Astronaut Mark Watney is the 18th man on Mars. He’s a member of the manned Mars mission Ares 3. Or he was, when the mission was aborted on Sol 6. After an accident during the crew’s unplanned departure, Watney is presumed dead and left alone on the desert planet. Many ordinary astronauts would have given up; the situation certainly seems hopeless. But Mark finds the will and resourcefulness he needs to keep fighting for survival.
I don’t feel bad if I spoil this for you. It’s a Matt Damon movie, and a damn good one. It also nearly follows the book to a T. Many of Watney’s clever one-liners even make it into the movie. If you haven’t seen it or read the book, you’re honestly missing out. 10/10 would recommend this story, in book or movie form.
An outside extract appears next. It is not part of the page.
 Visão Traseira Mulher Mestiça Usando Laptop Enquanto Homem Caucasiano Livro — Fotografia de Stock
Mark Watney’s voice is full of dry humor and life. He manages to maintain hope in a hopeless and dark situation. Like the psychology on staff in Weir’s NASA said, Mark’s response to extreme stress is to make light of the situation. Any time it feels like our hero is a goner, he cracks a joke, lightens the mood and then solves the problem. Watney is a protagonist in the most definitive sense of the word; he is the human we all want to be; kind, compassionate, intelligent. He’s forgiving and believes the best in humanity as whole. Even so, he’s not naive. He knows life isn’t fair, and he’s quick to point it out, usually involving some kind of humor, and moves on. My friends consider me to be one of the most cynical people they know, and I’d love to be a little more like Mark.
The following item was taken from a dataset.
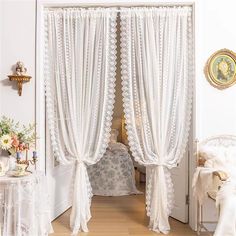 an open door with white curtains and lace on the curtain, in front of a bed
It’s initially very difficult to relate to the characters on the ground. Their voice isn’t as strong as Mark’s, so his story drowns theirs out. It’s not until they’re sure that Watney is alive and kicking that any of them develop any personality. Placed in contrast with Mark, some of these mere mortals come off as cowardly or selfish. They make questionable decisions and they fuck things up.
Finding Pathfinder was such an important step in this journey for a few reasons. 1) It established communication with NASA. This is very practical (now he can talk to the smarted people in the world. They might help him get out of this mess), but it’s also incredibly symbolic. Mark thought he was the only one who knew he was alive on Mars. Now he’s not alone. 2) It established just how resourceful Mark Watney is. Even the folks at NASA didn’t consider him finding Pathfinder until Watney figured it out. It’s the first time it makes you think, this man might make it out alive.
Sure, this is a survival story. I could draw many parallels between The Martian and Life of Pi, or any other castaway story, really. But like Mark says at the end; he was never alone. His success and survival in this story hinged on the human tendency to help other people. Without thousands of people back on Earth working around the clock to save him, Mark would’ve never made it home. Without their unswerving determination that Mark Watney would not die alone on Mars, he would have. So yeah, this is an epic survival story. But the success belongs to the collective rather than one man whose life should’ve ended in a dust storm on a distant planet.